Но сколько образов собралось в мире – ласточкином гнезде Бориса Пастернака! А почему бы и нет, почему мы должны прекращать формовать и лепить мировую глину вокруг нашего жилища? Гнездо человека, мир человека бесконечны. И воображение помогает нам продолжать его сколь угодно далеко. Поэт не может расстаться с таким гигантским образом, или, скорее, такой гигантский образ не может расстаться со своим поэтом. Верно сказал Борис Пастернак (loc. cit., p. 5): «Человек безмолвствует, это образ вместо него говорит с нами. Ведь очевидно, что только образ может удерживаться на одной высоте с природой».
Глава пятаяРаковина
I
Концепт, который соответствует раковине, настолько ясный, четкий и жесткий, что поэт, не имея возможности попросту нарисовать ее, но вынужденный говорить о ней, вначале сталкивается с нехваткой образов. Он стремится к ценностям из мира мечты, но его останавливает геометрическая реальность форм. А формы эти так разнообразны, зачастую так неожиданны, что после рационального изучения мира раковин воображаемое отступает перед реальностью. Тут поработало воображение природы, а природа искусна и изобретательна. Достаточно перелистать альбом с фотографиями аммонитов, чтобы признать: еще с мезозойской эры моллюски строили свою раковину по законам трансцендентной геометрии. Аммониты сооружали свое жилище, отталкиваясь от оси логарифмической спирали. В прекрасной книге Моно-Эрзана можно найти очень доступное описание того, как жизнь создает геометрические формы[111].
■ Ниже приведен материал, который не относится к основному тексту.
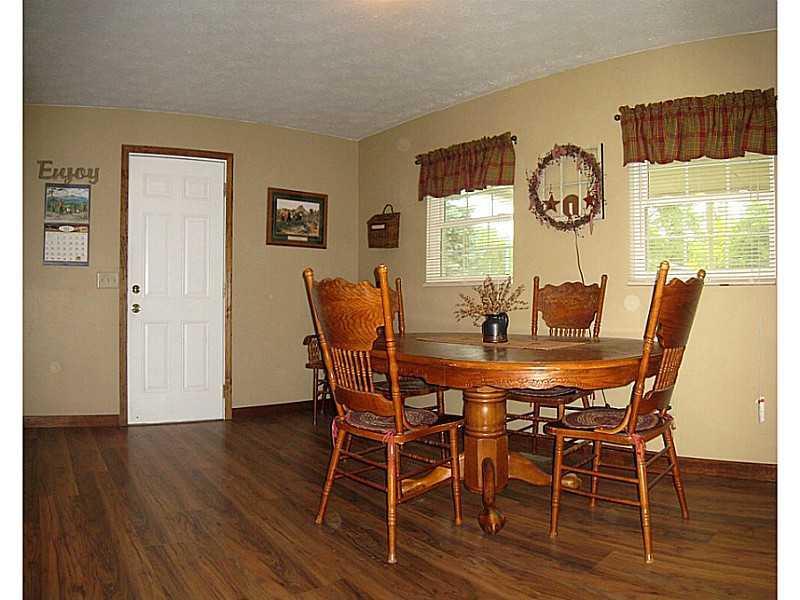 81 Adlyn Road Springfield, OH 45505 - Photo 9 of 18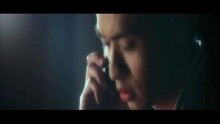 Wanna Ali - Lepaskan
Разумеется, поэт в состоянии понять эту эстетическую деятельность жизни. Так, прекрасные строки, которыми Поль Валери сопроводил заголовок «Раковины», проникнуты изумительным чувством геометрии: «Кристалл, цветок и раковина выделяются из существующего вокруг нас хаоса предметов. Для нас это особые предметы, они понятнее для нашего глаза, но загадочнее для нашего разума, нежели все прочие, которые сливаются в общую картину»[112]. По-видимому, для поэта, верного последователя Декарта, раковина – это явление животной геометрии, успевшее отвердеть, а значит, «ясное и четкое». Предмет, который получился в итоге, отличается высокой воспринимаемостью. Но это относится лишь к его форме, а его формирование остается для нас загадкой. Например, по поводу формы, нельзя не задаться вопросом: почему жизнь, создавая раковину, решила завернуть спираль направо, а не налево? Чего только ни наговорили об этом изначальном завихрении! В самом деле, выходит, что жизнь начинается не с броска вперед, а с вращательного движения. Жизненный порыв, который вращается: какое непостижимое чудо, какое утонченное символическое изображение жизни! А сколько грез могла бы пробудить в нас раковина-левша! Раковина, которая нарушила бы законы вращения, предписанные существам ее вида!
Поль Валери долго любуется идеально вылепленным, ювелирно вычеканенным предметом, особая ценность которого, по-видимому, состоит в том, что изящная и прочная геометрия его формы никак не связана с его основной функцией – защищать содержимое. Если это действительно так, моллюски могли бы избрать своим девизом такие слова: «Надо жить, чтобы строить себе дом, я не строить себе дом, чтобы жить».
Во второй части своих раздумий поэт приходит к мысли, что, будь раковина вычеканена человеком, она была бы создана снаружи, в результате определенных исчислимых действий, направленных, в частности, на усовершенствование и доработку прекрасного произведения, в то время как моллюск (с. 10) «выделяет из себя» свою раковину, «дает просачиваться» строительному материалу, «выделяя по мере надобности это великолепное покрытие». И с первого просачивания дом строится весь целиком. Так Валери прикасается к тайне формообразующей деятельности жизни, тайне постепенного и непрерывного создания форм.